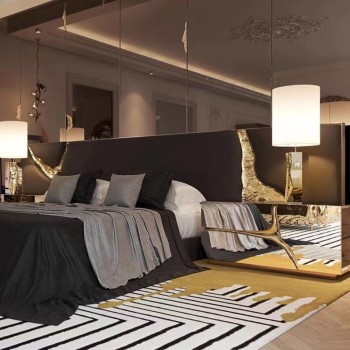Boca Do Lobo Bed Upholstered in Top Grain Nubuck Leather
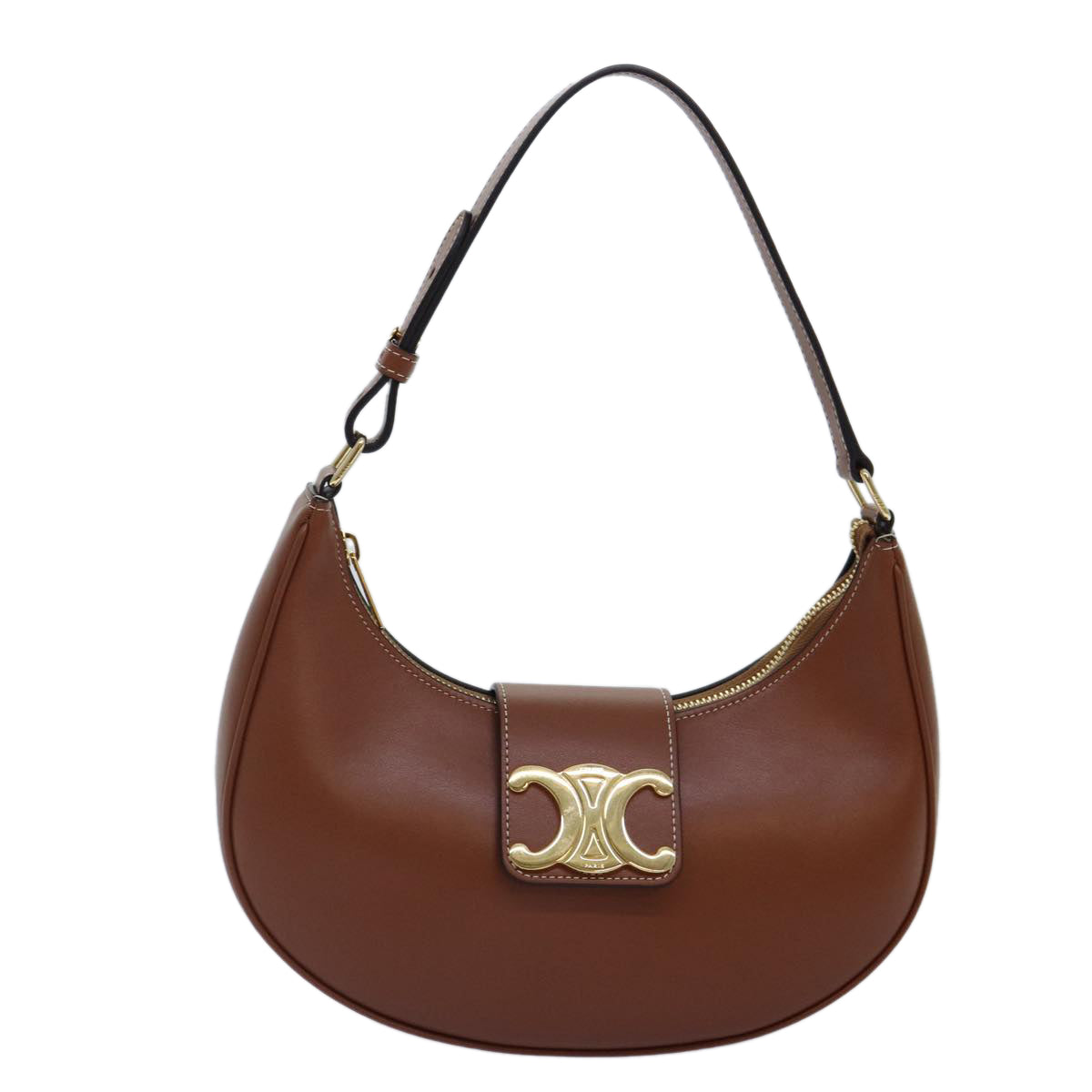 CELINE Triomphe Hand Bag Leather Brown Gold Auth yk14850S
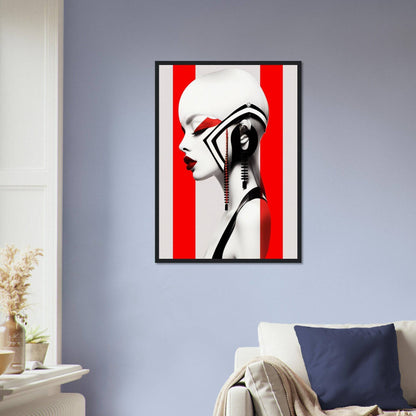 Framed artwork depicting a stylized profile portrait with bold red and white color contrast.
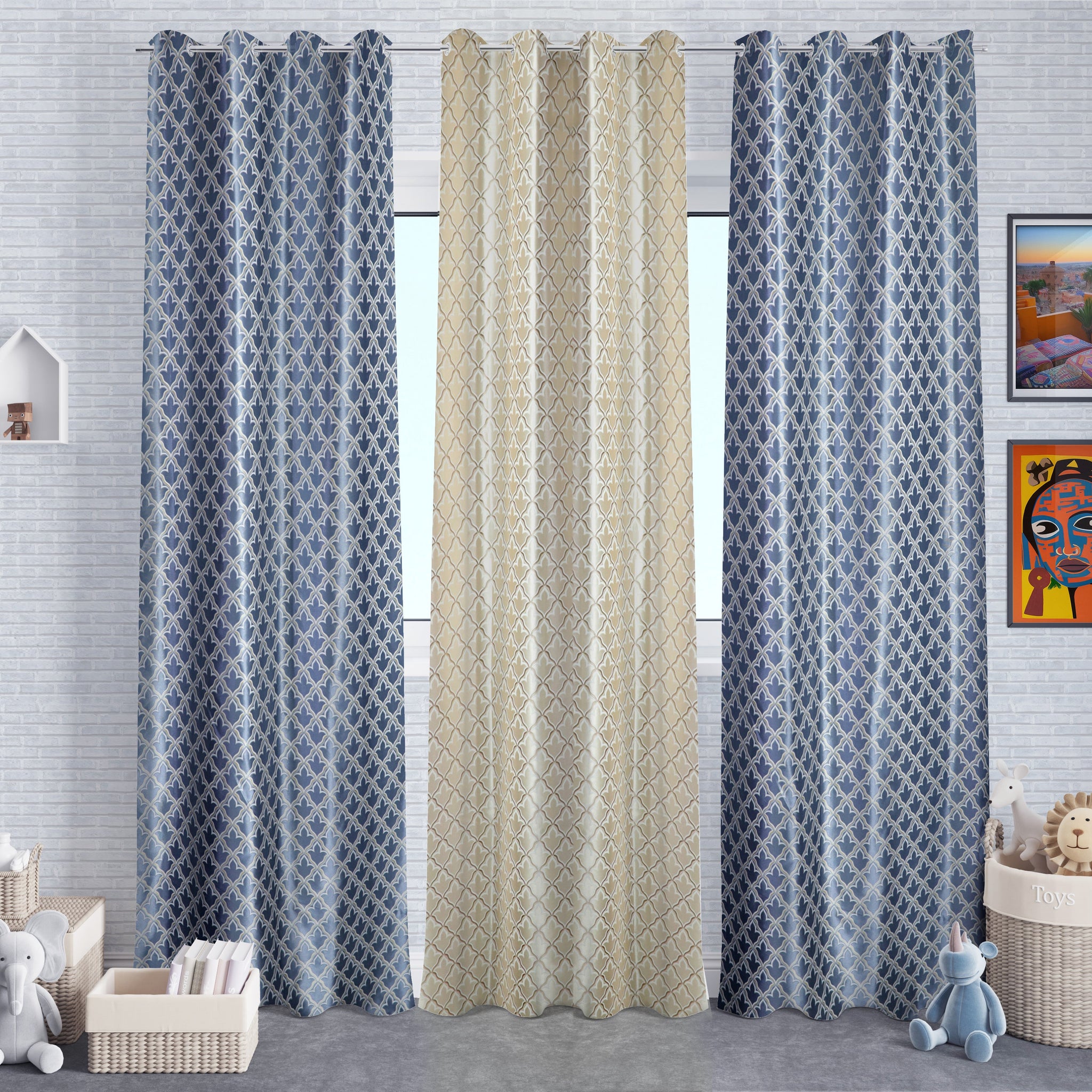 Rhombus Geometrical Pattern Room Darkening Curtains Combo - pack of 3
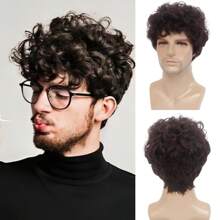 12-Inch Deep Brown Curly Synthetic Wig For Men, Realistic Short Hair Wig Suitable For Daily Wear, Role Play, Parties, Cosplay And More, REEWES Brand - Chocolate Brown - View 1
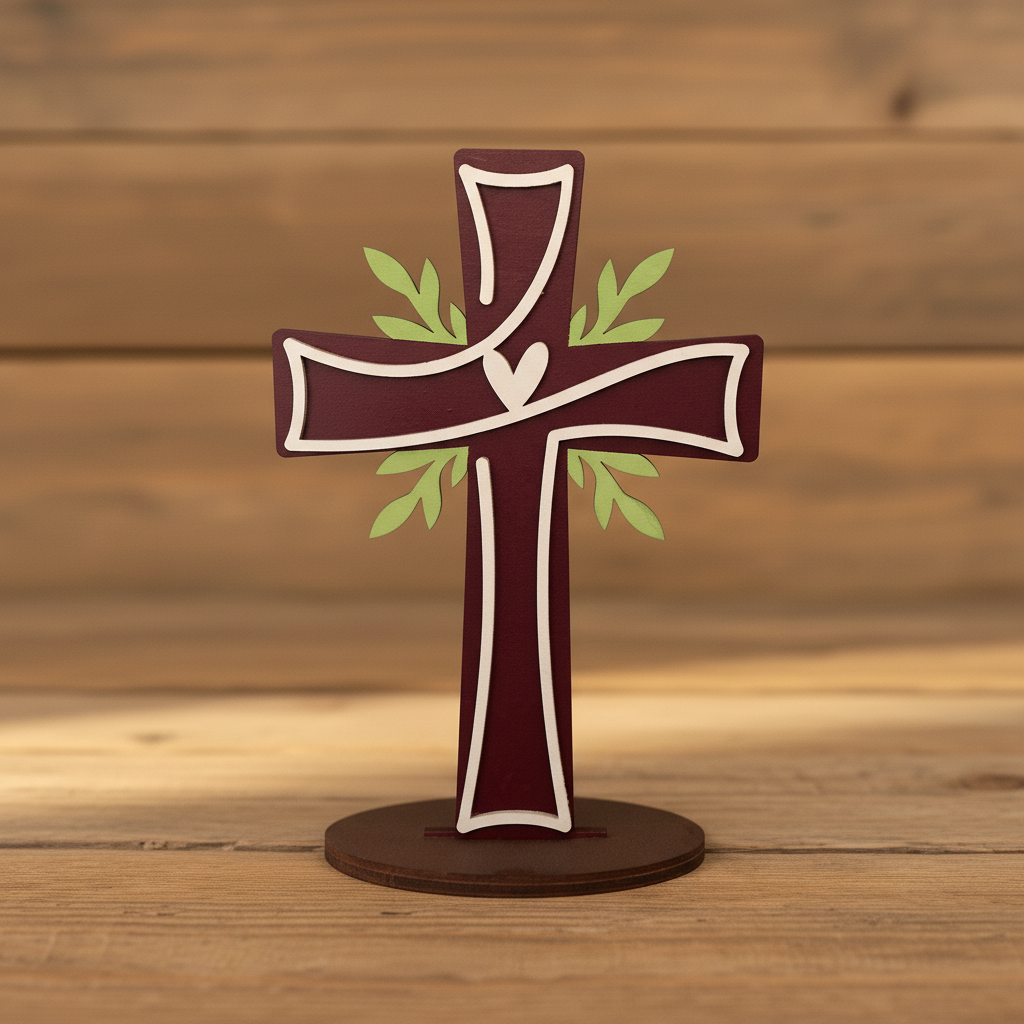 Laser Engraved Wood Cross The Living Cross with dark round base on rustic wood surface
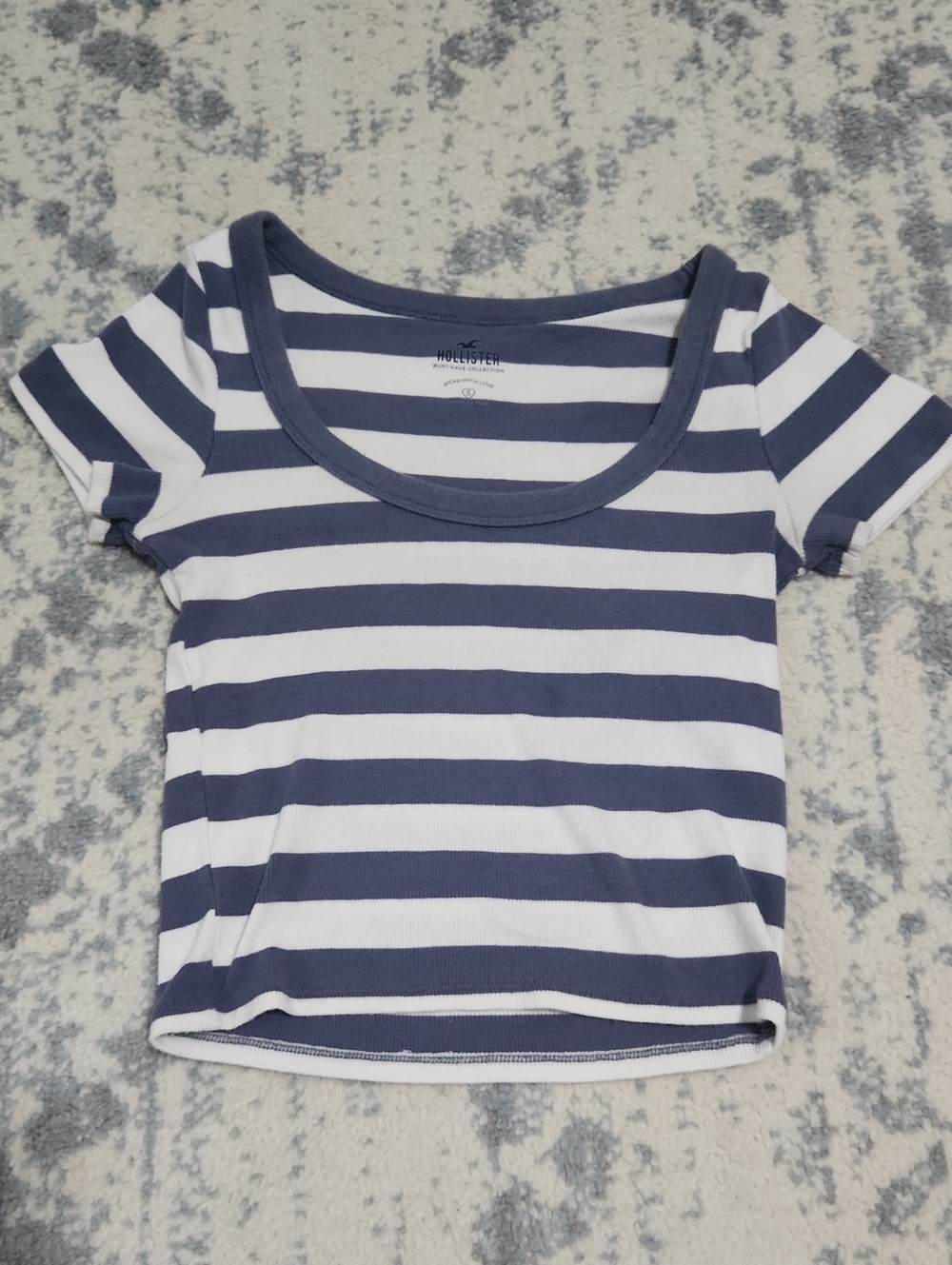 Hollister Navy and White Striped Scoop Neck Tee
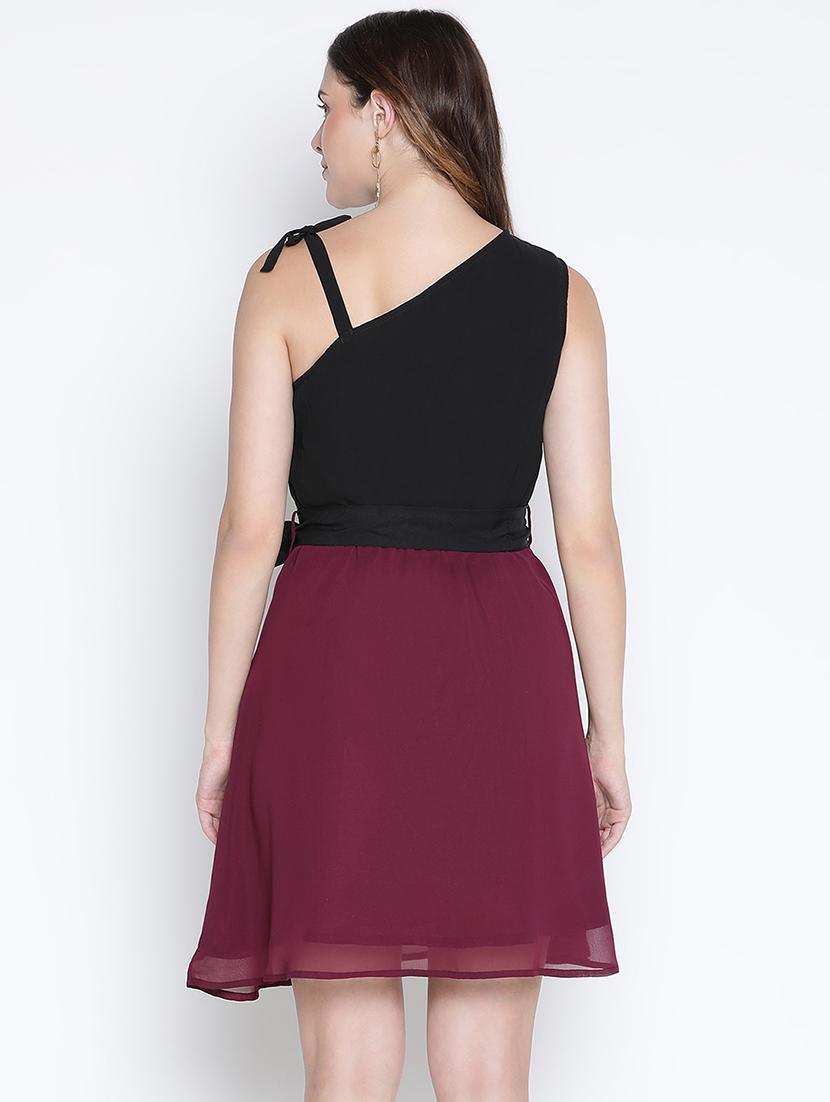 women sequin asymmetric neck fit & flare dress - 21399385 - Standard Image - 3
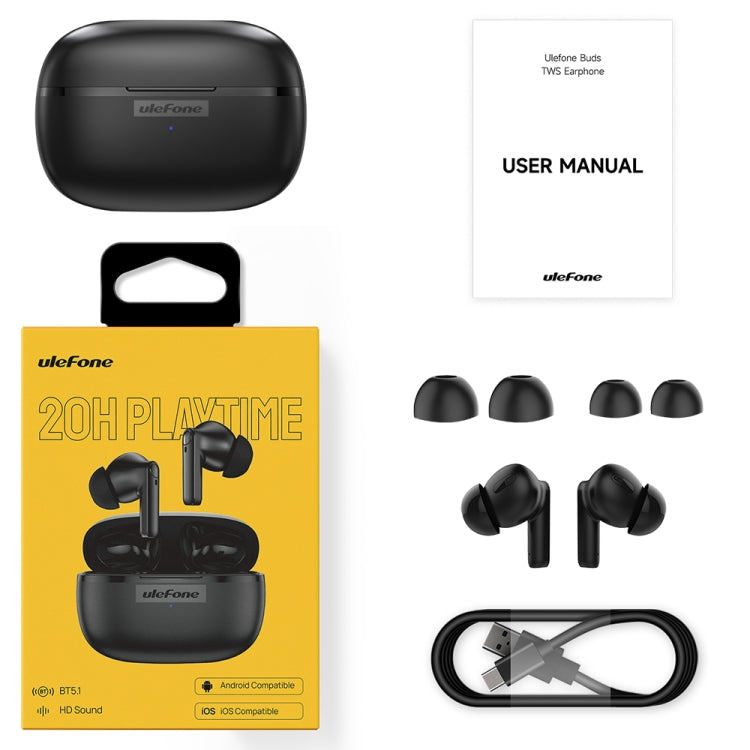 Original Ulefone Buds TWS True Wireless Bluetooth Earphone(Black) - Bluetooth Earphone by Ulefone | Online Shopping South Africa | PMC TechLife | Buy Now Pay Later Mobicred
******
(HOW TO COMPLETE THIS TASK):
From the line holding "CELINE Triomphe Hand" to the line holding "Rhombus Geometrical Pattern", both included, retype the entries above exactly and drop the pictures.

(SOLVED PROBLEM):
 CELINE Triomphe Hand Bag Leather Brown Gold Auth yk14850S
 Framed artwork depicting a stylized profile portrait with bold red and white color contrast.
 Rhombus Geometrical Pattern Room Darkening Curtains Combo - pack of 3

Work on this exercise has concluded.